I think it’s a little unfair to assume that she won’t get a decent education at the school she’s been offered. Or that a private school will have a better offer.

I agree that it would be a good idea to visit and also to promote it to her in a positive way. Surely a child who is anxious needs certainty about her schooling and a plan to minimise the anxiety by practising the journey, so she gets there in plenty of time.

IsobelRae23 Mon 02-Sep-19 15:22:32

She may well be worse off in a private school, being under pressure, if she’s struggling with anxiety.

BubblesBuddy Mon 02-Sep-19 16:18:01

You have played the lottery of school places and at the moment it’s backfired. What a shame your DD has to spend one year at a new school. That will make her anxious and it’s very difficult to make friends. I can see it’s better for secondary but y6 is the worst time to move especially with Sats on the horizon!

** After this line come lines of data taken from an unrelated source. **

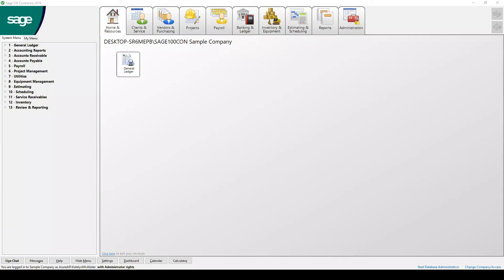Hey friends, welcome back to another video in our YouTube playlist. You're on with Caitlin from Banker Inc., one of your Sage 100 contractor consultants. Today we're going to be talking about how you can identify what version your software is running on inside Sage 100. So follow along with me.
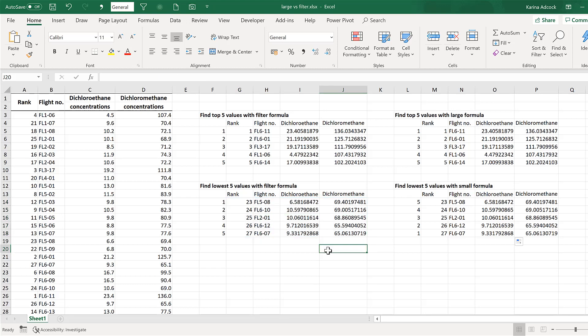In this video I have shown you how to find the highest and the lowest values in a range in Excel, and that is everything.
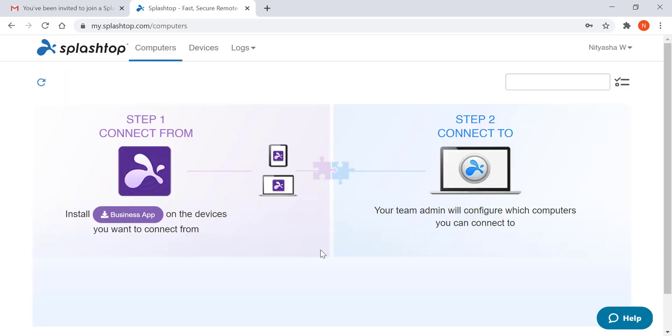You are now on your my.splashtop console, from where you can manage your settings and also connect to remote computers.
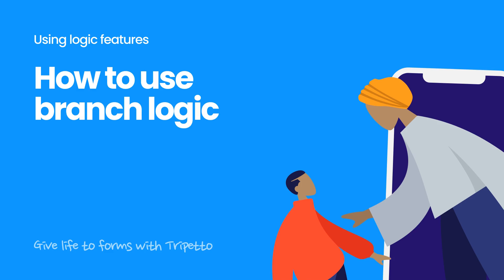Hi there. One of the best things about Trepeto is that it makes using powerful logic simple. By using branch logic, you can make sure you only ask the right questions based on the answers that your respondent has given.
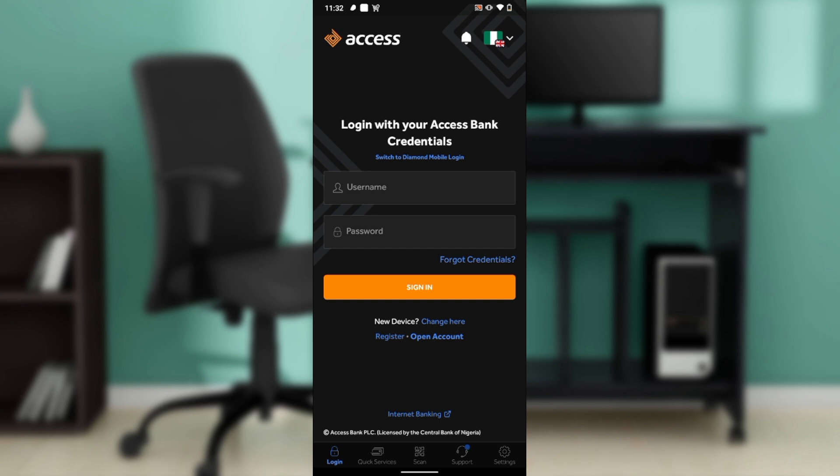After installing, the app will take you to the sign-up page where you'll be prompted to log in using your existing Access Bank credentials or register by opening a new account. Once signed in successfully, you'll be taken to the Access Bank home page where you can explore many features. Here are the steps to change your password on the Access Bank mobile app.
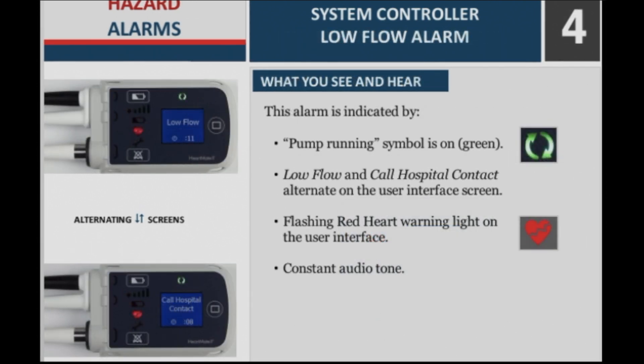System controller low flow alarm — what you see and hear. This alarm is indicated by: the pump running symbol is on (green); low flow and call hospital contact alternate on the user interface screen; a flashing red heart warning light on the user interface; and a constant audio tone.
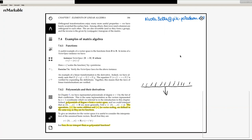We are at the point where we have started to look at applications of linear algebra — or this very minimal snippet of linear algebra that we have formalized in sections 7.1 and 7.2. We have seen that functions from R to R form a vector space.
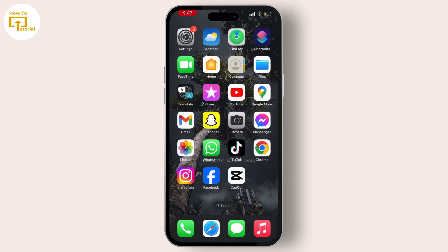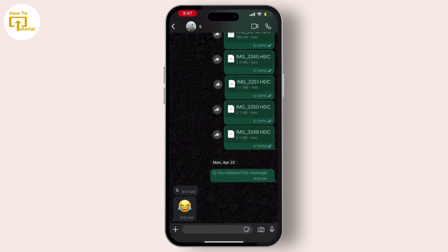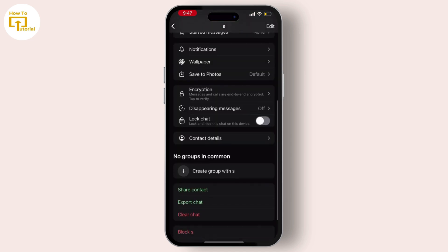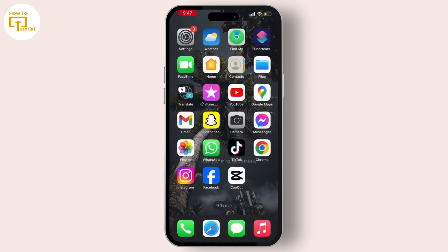Then go to the chat and tap on the profile icon of that particular person. From there, scroll down and you will see the lock chat toggle. Turn on that button and your chats will be hidden or locked.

BubblesBuddy Mon 02-Sep-19 16:19:16

Many private schools don’t do Sats so it could be less pressure! Check them to see if this is the case. They may be full of course.

BeautifulWintersMorning Mon 02-Sep-19 16:23:25

How are they getting a Good rating if they are failing their year 6s?

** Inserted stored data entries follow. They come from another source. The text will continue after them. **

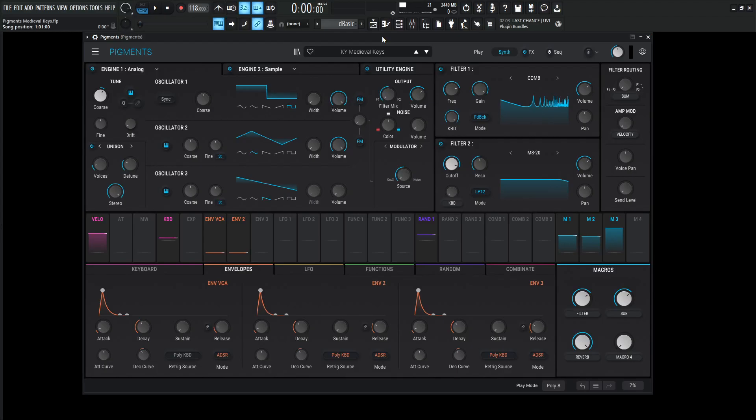Hey guys, John here. Today's patch is called Medieval Keys, and full disclosure, I was not alive during the medieval times, so I don't really have a personal reference of what Medieval Keys should sound like. And with that being said, here's a drum groove and me freestyling to that drum groove of Medieval Keys that I have no idea what really sounds like. So here we go.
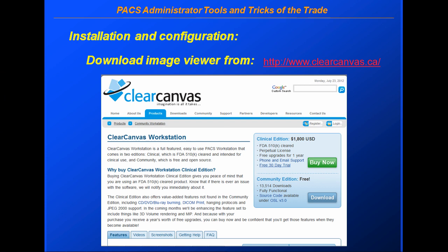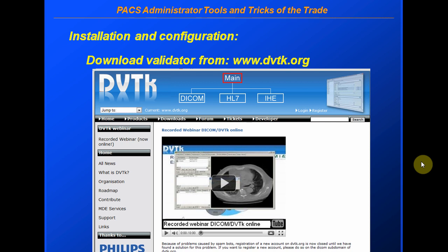The tool we're going to use for looking at the image header is called ClearCanvas. It's an open source product you can download from clearcanvas.ca — it's built in Canada, a very nice utility, and you can download the free version at no cost. The next tool we'll download is the DICOM validator itself, called DVTK — the DICOM Validation Toolkit — available from DVTK.org. You need to make sure you download not only the application but also the directory of definition files, which the validation checks against.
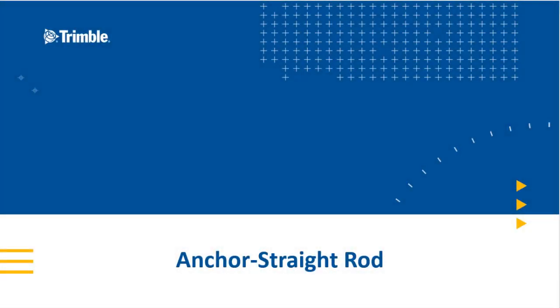Hello and welcome to another Tecla Structures video. In today's lesson, we'll be discussing the Tecla Structures component for anchor rods. In our last video, we created a precast column base plate. In today's video, we'll be anchoring the base plate to the foundation. Let's jump right in.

viques Mon 02-Sep-19 17:59:17

If the amazing accolade you are giving to the 10minute walk school is based on its outstanding feted then I hope you realise that many "outstanding* schools were inspected getting on for 10 years ago. During which time the teaching staff has probably changed, possibly the head teacher too, and they are now teaching a completely different curriculum. As from last weekend it was announced that schools previously exempt from inspection are back on the list, as a disturbing number have been found to have real problems. I think a number of parents are in for some shocks, I know schools who have coasted for a number of years , relying on reputation (and parental input via tutoring) rather than solid teaching and evidence.

I hope your daughter settles well into whichever school she gets a place at, personally I would go for the 20 minute school, big it up to your daughter, make sure she always leaves in plenty of time to arrive feeling calm and ready to learn. I would forget appealing for the other school, your appeal sounds weak and I don't think it would serve your daughter well to feel unsettled by the appeal process.

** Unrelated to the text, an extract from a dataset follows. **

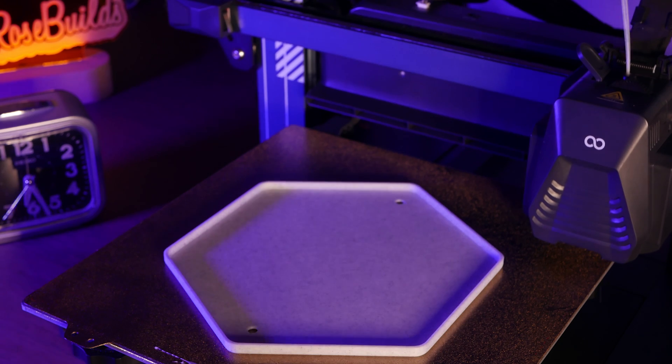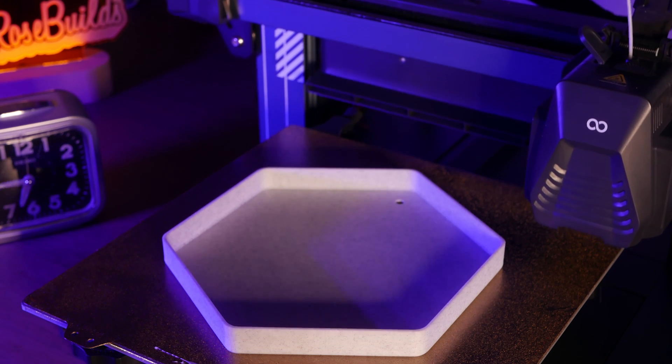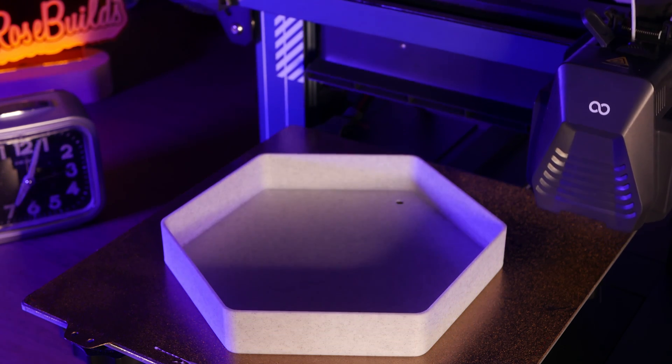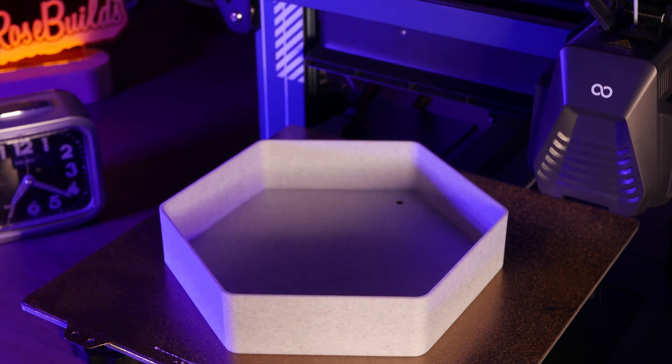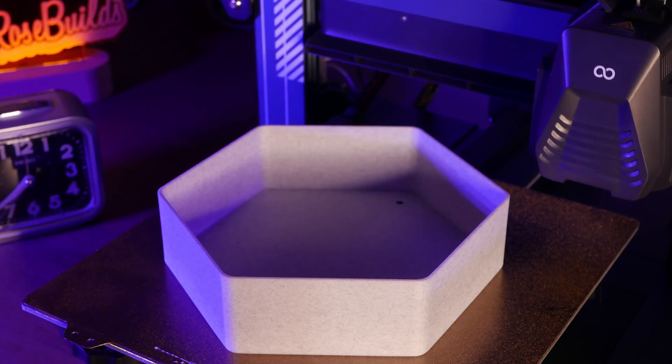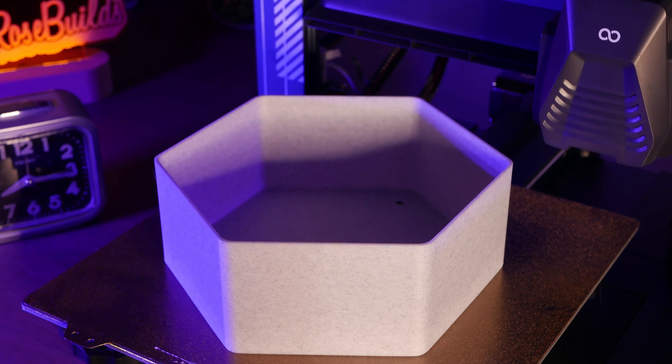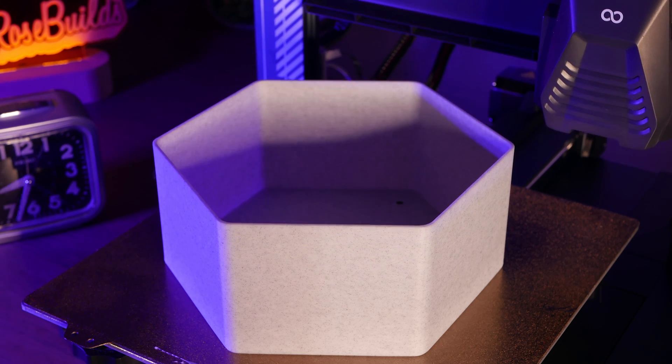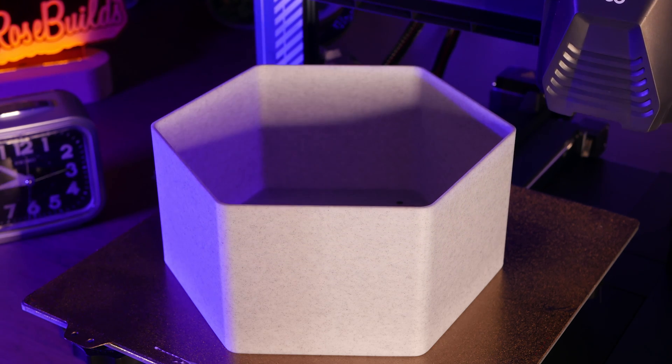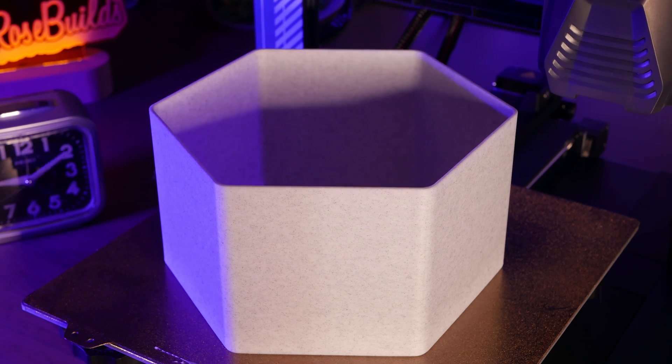While we're in the garden, let's print a bug hotel. I printed this in Elegoo's marble PLA, and I love the look of this stuff.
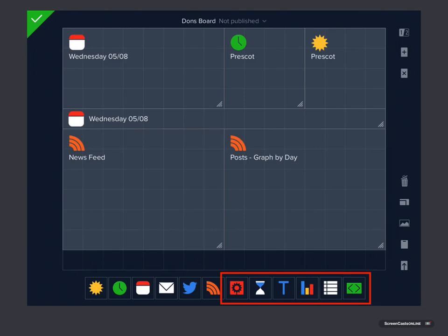Now as I mentioned previously, if you've already bought Status Board version 1, you should be able to restore your purchases and have these available to you. Otherwise, it's about £7.99 for these additional panels.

viques Mon 02-Sep-19 18:00:35

Feted =OFSTED

NameChange112112321 Mon 02-Sep-19 19:36:13

I'm not sure why there's this idea that I don't know anything about these schools. I've been to them both. One is an inner city school that gets outstanding in the nursery school but let's it's pupils down in the Jr school. It's in an overcrowded old Victorian building, has very limited after school activities (less than 1 per age group/per day) and an almost nonexistent PTA.

The other school was recently refurbished, has a reputation for supporting students whatever their needs, numerous after-school clubs, an active PTA, a forest school, and put a focus on resilience, complete with a mental health hub & an in school counsellor.

This isnt the first time I've seen this in London. At our old house in 0.3 of a mile in one direction you had a really rough school with no coherence, a problem with rude, rambunctious students, where huge numbers of pupils were ESL with no teacher support, building was a mess, etc and in 0.3 miles in the other direction you had a lovely school, with supportive teachers, strong SEN support, polite, lovely children in a refurbished building with loads of opportunities. Both were "Good" schools.

The difference between these two schools is massive. I've been told they won't take the social & emotional needs, so our only chance is if a place comes up at our desired school, which is a possibility. I'm not going to send her to one school with the possibility of her getting into the better school and needing to change so I think I'll wait for as long as I can before accepting an offer & see what private schools offer in the meantime. Hopefully by the end of the week the desired school will be able to tell me how many places they have & I can take guidance from there.

OP’s posts: |
BlackberriesAndCream Wed 04-Sep-19 13:26:55

Are you appealing for the one you want, especially if you have professionals willing to say that they think it would be the best one for her, or just applying for the medical/social category?